■ Exercise ■
How do the lines read from the one holding "Lila Damask aangepaste" through the last line of the listing? Set them down exactly, pictures omitted.

■ Given data ■
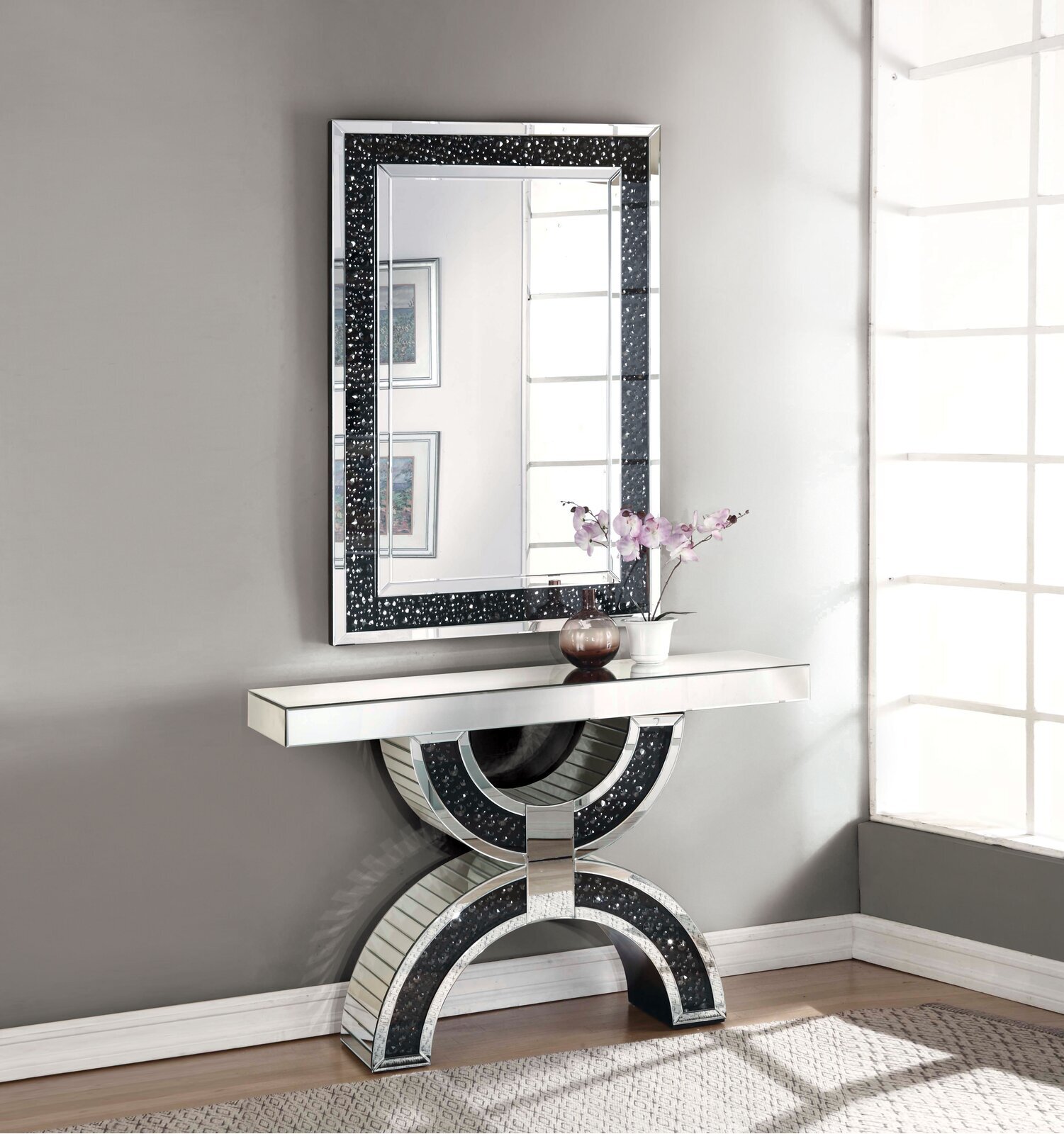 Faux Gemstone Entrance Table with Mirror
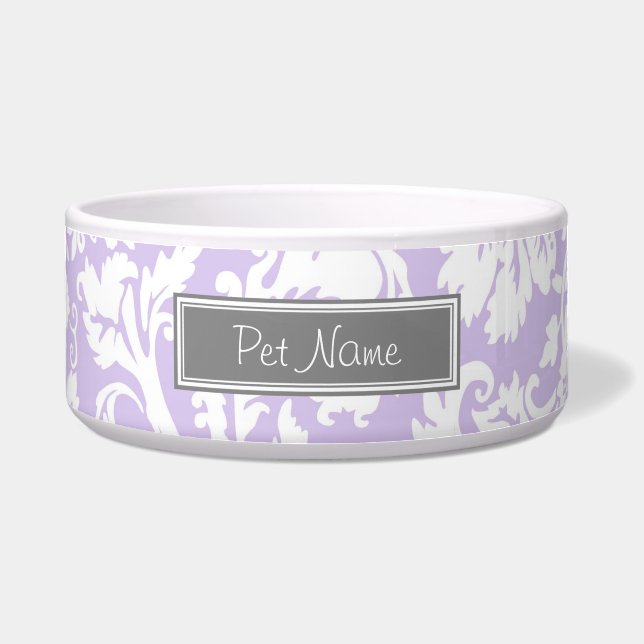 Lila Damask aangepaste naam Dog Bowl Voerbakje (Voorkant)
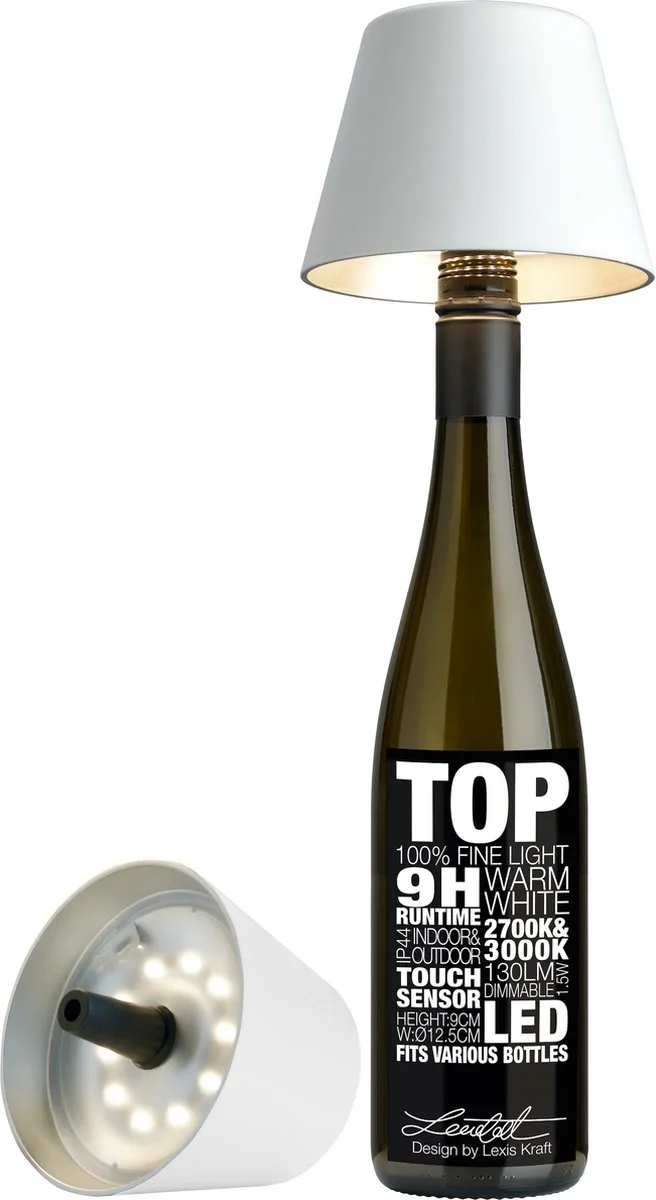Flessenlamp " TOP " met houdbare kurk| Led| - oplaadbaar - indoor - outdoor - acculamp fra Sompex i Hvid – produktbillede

■ Answer to this task ■
 Lila Damask aangepaste naam Dog Bowl Voerbakje (Voorkant)
Flessenlamp " TOP " met houdbare kurk| Led| - oplaadbaar - indoor - outdoor - acculamp fra Sompex i Hvid – produktbillede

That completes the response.